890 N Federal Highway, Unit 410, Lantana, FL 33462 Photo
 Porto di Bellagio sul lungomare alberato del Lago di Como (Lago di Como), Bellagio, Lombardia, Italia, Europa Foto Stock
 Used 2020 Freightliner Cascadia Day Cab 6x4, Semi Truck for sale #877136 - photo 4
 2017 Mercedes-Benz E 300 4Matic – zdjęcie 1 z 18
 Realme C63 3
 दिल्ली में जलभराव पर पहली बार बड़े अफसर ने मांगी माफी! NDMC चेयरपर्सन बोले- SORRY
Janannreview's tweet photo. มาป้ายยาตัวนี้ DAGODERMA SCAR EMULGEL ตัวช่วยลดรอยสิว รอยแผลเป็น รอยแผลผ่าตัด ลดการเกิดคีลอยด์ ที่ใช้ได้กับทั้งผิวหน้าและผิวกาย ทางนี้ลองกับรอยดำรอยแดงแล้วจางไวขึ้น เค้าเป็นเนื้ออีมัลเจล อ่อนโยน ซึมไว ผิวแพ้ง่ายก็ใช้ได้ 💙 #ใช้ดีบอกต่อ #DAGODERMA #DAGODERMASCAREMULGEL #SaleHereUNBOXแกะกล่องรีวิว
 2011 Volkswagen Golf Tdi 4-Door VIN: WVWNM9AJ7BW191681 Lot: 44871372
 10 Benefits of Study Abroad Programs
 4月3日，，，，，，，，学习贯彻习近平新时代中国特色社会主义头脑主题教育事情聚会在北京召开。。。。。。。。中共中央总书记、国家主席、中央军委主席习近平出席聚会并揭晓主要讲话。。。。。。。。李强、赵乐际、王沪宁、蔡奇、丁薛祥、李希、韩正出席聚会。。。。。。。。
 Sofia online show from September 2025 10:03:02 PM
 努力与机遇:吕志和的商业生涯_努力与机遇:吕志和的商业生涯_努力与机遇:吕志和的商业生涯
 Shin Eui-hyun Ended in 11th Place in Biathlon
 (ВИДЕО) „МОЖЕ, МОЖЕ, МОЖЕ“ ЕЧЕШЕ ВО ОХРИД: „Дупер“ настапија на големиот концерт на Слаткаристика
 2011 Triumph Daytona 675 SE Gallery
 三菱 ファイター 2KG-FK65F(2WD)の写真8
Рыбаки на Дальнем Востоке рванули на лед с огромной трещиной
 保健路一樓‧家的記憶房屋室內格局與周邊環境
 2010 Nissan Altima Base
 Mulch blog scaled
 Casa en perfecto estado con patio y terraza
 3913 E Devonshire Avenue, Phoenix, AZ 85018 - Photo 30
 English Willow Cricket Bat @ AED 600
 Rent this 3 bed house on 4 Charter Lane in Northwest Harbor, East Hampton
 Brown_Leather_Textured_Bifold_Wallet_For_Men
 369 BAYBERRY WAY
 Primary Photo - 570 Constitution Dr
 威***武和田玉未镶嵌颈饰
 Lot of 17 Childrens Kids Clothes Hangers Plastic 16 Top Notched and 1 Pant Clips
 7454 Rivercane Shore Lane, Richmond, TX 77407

■ WHAT THE TASK ASKS: Exactly reproduce the lines that run from the line with "保健路一樓‧家的記憶房屋室內格局與周邊環境" through the last line of the records, inclusive.

■ WORKED SOLUTION:
 保健路一樓‧家的記憶房屋室內格局與周邊環境
 2010 Nissan Altima Base
 Mulch blog scaled
 Casa en perfecto estado con patio y terraza
 3913 E Devonshire Avenue, Phoenix, AZ 85018 - Photo 30
 English Willow Cricket Bat @ AED 600
 Rent this 3 bed house on 4 Charter Lane in Northwest Harbor, East Hampton
 Brown_Leather_Textured_Bifold_Wallet_For_Men
 369 BAYBERRY WAY
 Primary Photo - 570 Constitution Dr
 威***武和田玉未镶嵌颈饰
 Lot of 17 Childrens Kids Clothes Hangers Plastic 16 Top Notched and 1 Pant Clips
 7454 Rivercane Shore Lane, Richmond, TX 77407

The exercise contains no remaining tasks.